#### [REQUIRED WORK]
Below is a listing. Return the lines from the one that contains "علائم خرابی کاسه" to the one that contains "Etagère de Salle", both ends included, verbatim and with no pictures.

#### [STORED DATA]

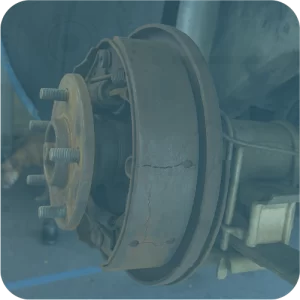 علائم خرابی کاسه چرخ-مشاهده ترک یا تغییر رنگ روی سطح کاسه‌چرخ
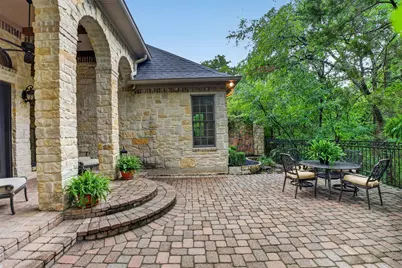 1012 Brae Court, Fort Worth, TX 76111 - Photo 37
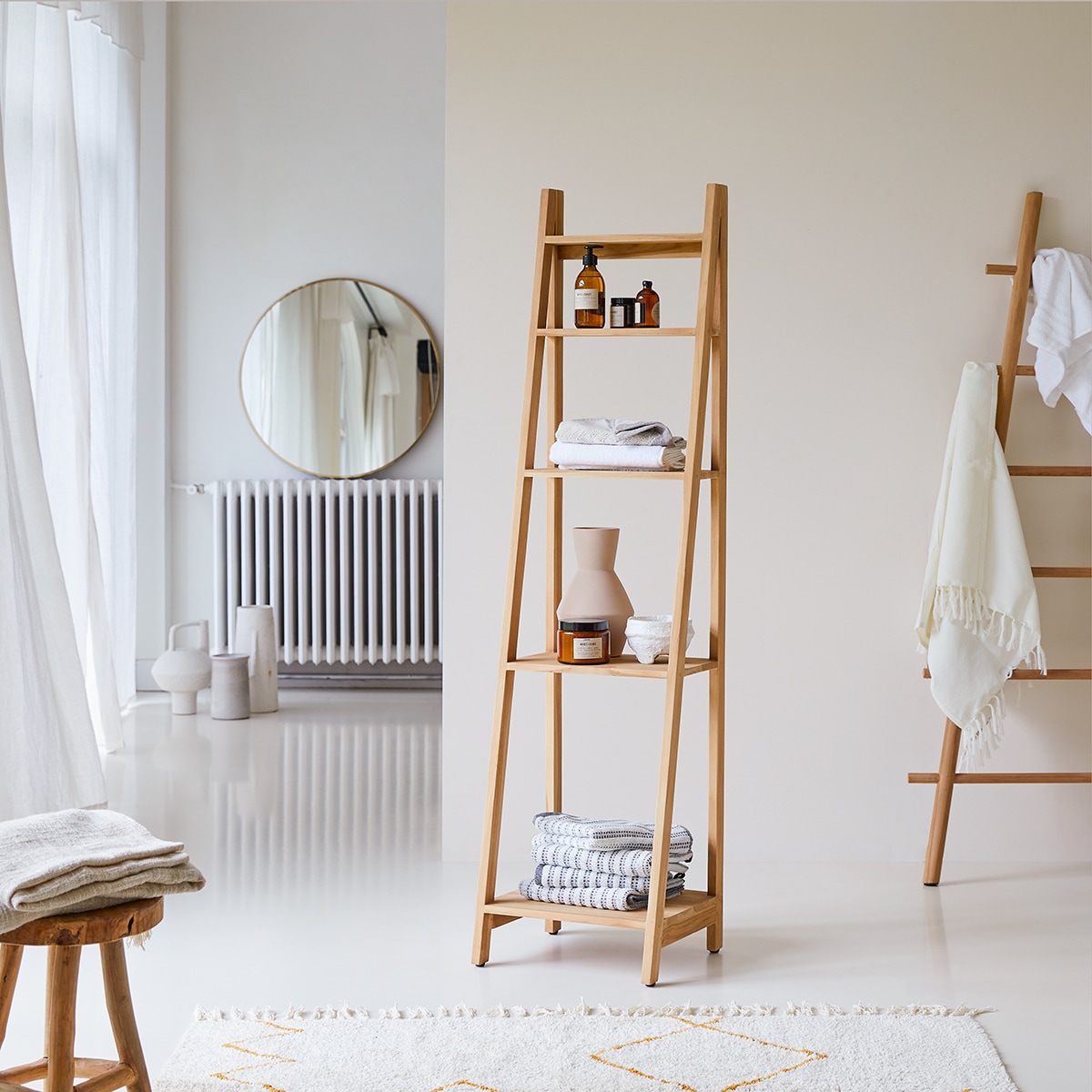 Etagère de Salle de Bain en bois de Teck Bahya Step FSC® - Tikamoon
* * *
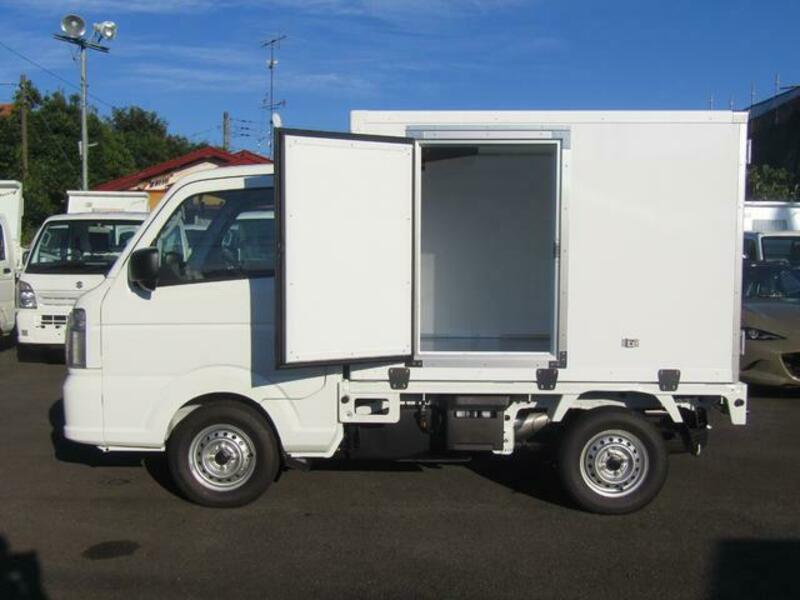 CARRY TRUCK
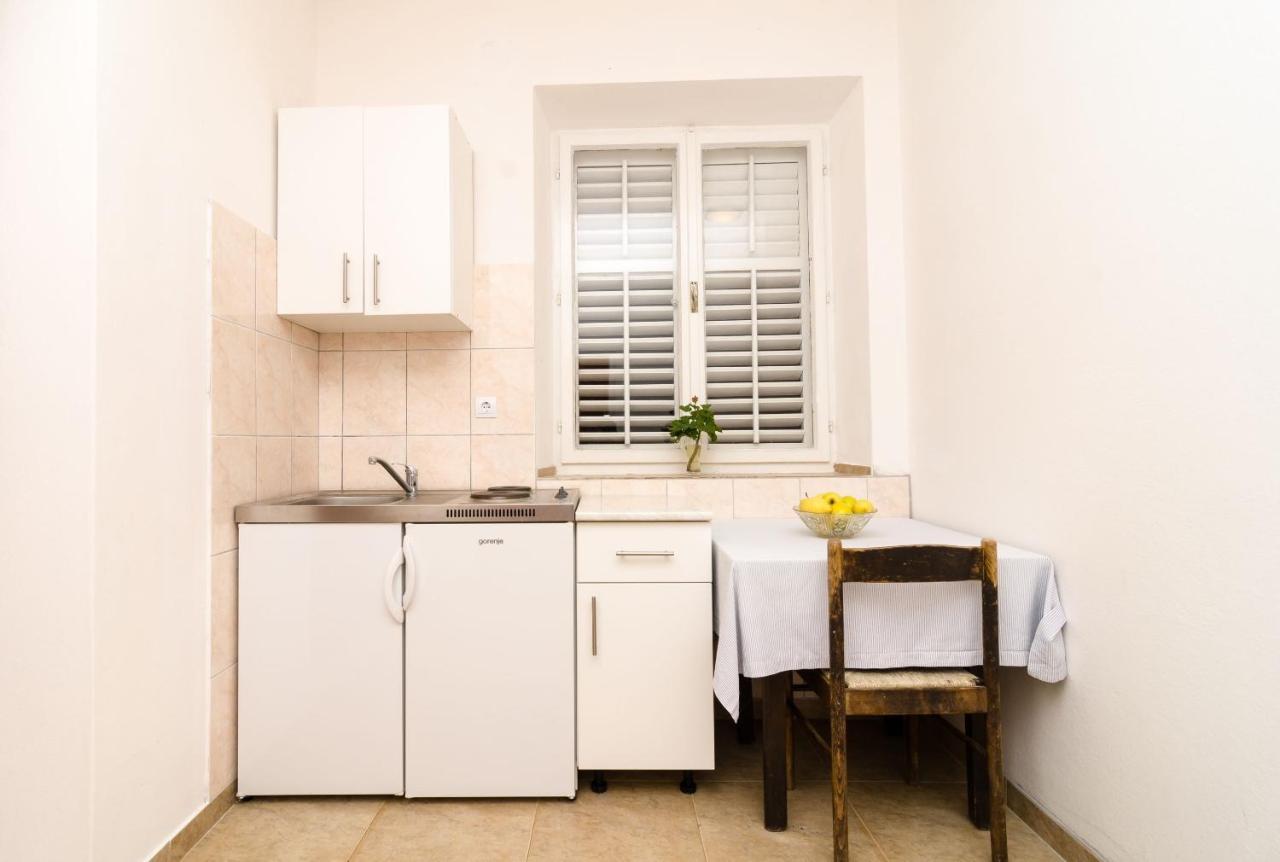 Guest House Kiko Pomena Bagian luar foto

#### [COMPLETED TASK]
 علائم خرابی کاسه چرخ-مشاهده ترک یا تغییر رنگ روی سطح کاسه‌چرخ
 1012 Brae Court, Fort Worth, TX 76111 - Photo 37
 Etagère de Salle de Bain en bois de Teck Bahya Step FSC® - Tikamoon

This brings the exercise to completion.